Records from a dataset:

<<<<

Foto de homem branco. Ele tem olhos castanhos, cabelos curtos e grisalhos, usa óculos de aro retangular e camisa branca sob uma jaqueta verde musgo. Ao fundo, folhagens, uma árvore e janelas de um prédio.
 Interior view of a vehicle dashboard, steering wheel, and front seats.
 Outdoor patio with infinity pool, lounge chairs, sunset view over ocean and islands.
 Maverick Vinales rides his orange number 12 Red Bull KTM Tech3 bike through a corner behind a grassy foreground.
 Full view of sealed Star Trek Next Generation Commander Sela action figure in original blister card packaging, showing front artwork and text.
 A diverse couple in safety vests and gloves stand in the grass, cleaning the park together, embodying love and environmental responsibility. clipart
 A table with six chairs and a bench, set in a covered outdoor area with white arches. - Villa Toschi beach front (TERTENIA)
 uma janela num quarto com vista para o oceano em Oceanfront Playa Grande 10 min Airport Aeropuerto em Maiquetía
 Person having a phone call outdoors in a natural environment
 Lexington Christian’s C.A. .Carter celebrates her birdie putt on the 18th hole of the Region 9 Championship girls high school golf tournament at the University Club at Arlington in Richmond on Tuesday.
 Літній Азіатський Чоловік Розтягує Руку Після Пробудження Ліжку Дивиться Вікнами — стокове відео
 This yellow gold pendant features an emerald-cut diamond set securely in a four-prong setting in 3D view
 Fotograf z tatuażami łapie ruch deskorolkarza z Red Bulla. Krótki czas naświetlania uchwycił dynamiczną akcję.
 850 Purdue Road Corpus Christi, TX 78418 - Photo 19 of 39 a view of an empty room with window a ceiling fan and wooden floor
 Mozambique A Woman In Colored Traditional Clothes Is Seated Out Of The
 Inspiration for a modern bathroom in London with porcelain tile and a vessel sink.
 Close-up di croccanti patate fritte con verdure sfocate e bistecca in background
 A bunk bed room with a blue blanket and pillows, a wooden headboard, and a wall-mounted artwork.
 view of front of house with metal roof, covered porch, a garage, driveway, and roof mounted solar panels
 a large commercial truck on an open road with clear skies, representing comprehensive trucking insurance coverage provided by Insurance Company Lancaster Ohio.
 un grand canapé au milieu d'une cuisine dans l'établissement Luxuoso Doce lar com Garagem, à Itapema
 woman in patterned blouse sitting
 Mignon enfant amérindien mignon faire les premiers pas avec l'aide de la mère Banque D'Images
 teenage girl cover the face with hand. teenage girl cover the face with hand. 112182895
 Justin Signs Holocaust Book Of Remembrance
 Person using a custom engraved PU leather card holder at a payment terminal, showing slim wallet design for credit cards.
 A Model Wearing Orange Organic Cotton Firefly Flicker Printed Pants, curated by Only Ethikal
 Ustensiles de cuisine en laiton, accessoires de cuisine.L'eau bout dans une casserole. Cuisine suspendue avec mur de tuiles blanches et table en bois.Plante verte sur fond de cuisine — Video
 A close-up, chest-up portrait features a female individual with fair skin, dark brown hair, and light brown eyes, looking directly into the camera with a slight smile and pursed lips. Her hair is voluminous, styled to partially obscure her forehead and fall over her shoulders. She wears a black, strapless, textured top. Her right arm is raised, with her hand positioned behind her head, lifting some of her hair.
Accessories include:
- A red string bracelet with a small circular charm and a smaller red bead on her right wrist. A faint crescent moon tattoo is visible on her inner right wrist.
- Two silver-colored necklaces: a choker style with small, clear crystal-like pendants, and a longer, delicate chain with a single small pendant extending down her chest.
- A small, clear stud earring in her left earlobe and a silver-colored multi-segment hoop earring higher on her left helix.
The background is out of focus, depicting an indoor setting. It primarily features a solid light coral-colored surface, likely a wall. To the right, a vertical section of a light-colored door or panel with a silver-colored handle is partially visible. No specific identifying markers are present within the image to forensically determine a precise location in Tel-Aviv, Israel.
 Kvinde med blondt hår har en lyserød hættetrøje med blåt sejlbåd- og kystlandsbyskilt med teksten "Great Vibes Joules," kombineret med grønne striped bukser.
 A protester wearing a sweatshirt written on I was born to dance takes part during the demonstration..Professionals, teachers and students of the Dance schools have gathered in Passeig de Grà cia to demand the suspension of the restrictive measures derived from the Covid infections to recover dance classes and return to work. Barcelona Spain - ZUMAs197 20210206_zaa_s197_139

>>>>

Your task: Retype every record above exactly as it appears.

Completed task:
Foto de homem branco. Ele tem olhos castanhos, cabelos curtos e grisalhos, usa óculos de aro retangular e camisa branca sob uma jaqueta verde musgo. Ao fundo, folhagens, uma árvore e janelas de um prédio.
 Interior view of a vehicle dashboard, steering wheel, and front seats.
 Outdoor patio with infinity pool, lounge chairs, sunset view over ocean and islands.
 Maverick Vinales rides his orange number 12 Red Bull KTM Tech3 bike through a corner behind a grassy foreground.
 Full view of sealed Star Trek Next Generation Commander Sela action figure in original blister card packaging, showing front artwork and text.
 A diverse couple in safety vests and gloves stand in the grass, cleaning the park together, embodying love and environmental responsibility. clipart
 A table with six chairs and a bench, set in a covered outdoor area with white arches. - Villa Toschi beach front (TERTENIA)
 uma janela num quarto com vista para o oceano em Oceanfront Playa Grande 10 min Airport Aeropuerto em Maiquetía
 Person having a phone call outdoors in a natural environment
 Lexington Christian’s C.A. .Carter celebrates her birdie putt on the 18th hole of the Region 9 Championship girls high school golf tournament at the University Club at Arlington in Richmond on Tuesday.
 Літній Азіатський Чоловік Розтягує Руку Після Пробудження Ліжку Дивиться Вікнами — стокове відео
 This yellow gold pendant features an emerald-cut diamond set securely in a four-prong setting in 3D view
 Fotograf z tatuażami łapie ruch deskorolkarza z Red Bulla. Krótki czas naświetlania uchwycił dynamiczną akcję.
 850 Purdue Road Corpus Christi, TX 78418 - Photo 19 of 39 a view of an empty room with window a ceiling fan and wooden floor
 Mozambique A Woman In Colored Traditional Clothes Is Seated Out Of The
 Inspiration for a modern bathroom in London with porcelain tile and a vessel sink.
 Close-up di croccanti patate fritte con verdure sfocate e bistecca in background
 A bunk bed room with a blue blanket and pillows, a wooden headboard, and a wall-mounted artwork.
 view of front of house with metal roof, covered porch, a garage, driveway, and roof mounted solar panels
 a large commercial truck on an open road with clear skies, representing comprehensive trucking insurance coverage provided by Insurance Company Lancaster Ohio.
 un grand canapé au milieu d'une cuisine dans l'établissement Luxuoso Doce lar com Garagem, à Itapema
 woman in patterned blouse sitting
 Mignon enfant amérindien mignon faire les premiers pas avec l'aide de la mère Banque D'Images
 teenage girl cover the face with hand. teenage girl cover the face with hand. 112182895
 Justin Signs Holocaust Book Of Remembrance
 Person using a custom engraved PU leather card holder at a payment terminal, showing slim wallet design for credit cards.
 A Model Wearing Orange Organic Cotton Firefly Flicker Printed Pants, curated by Only Ethikal
 Ustensiles de cuisine en laiton, accessoires de cuisine.L'eau bout dans une casserole. Cuisine suspendue avec mur de tuiles blanches et table en bois.Plante verte sur fond de cuisine — Video
 A close-up, chest-up portrait features a female individual with fair skin, dark brown hair, and light brown eyes, looking directly into the camera with a slight smile and pursed lips. Her hair is voluminous, styled to partially obscure her forehead and fall over her shoulders. She wears a black, strapless, textured top. Her right arm is raised, with her hand positioned behind her head, lifting some of her hair.
Accessories include:
- A red string bracelet with a small circular charm and a smaller red bead on her right wrist. A faint crescent moon tattoo is visible on her inner right wrist.
- Two silver-colored necklaces: a choker style with small, clear crystal-like pendants, and a longer, delicate chain with a single small pendant extending down her chest.
- A small, clear stud earring in her left earlobe and a silver-colored multi-segment hoop earring higher on her left helix.
The background is out of focus, depicting an indoor setting. It primarily features a solid light coral-colored surface, likely a wall. To the right, a vertical section of a light-colored door or panel with a silver-colored handle is partially visible. No specific identifying markers are present within the image to forensically determine a precise location in Tel-Aviv, Israel.
 Kvinde med blondt hår har en lyserød hættetrøje med blåt sejlbåd- og kystlandsbyskilt med teksten "Great Vibes Joules," kombineret med grønne striped bukser.
 A protester wearing a sweatshirt written on I was born to dance takes part during the demonstration..Professionals, teachers and students of the Dance schools have gathered in Passeig de Grà cia to demand the suspension of the restrictive measures derived from the Covid infections to recover dance classes and return to work. Barcelona Spain - ZUMAs197 20210206_zaa_s197_139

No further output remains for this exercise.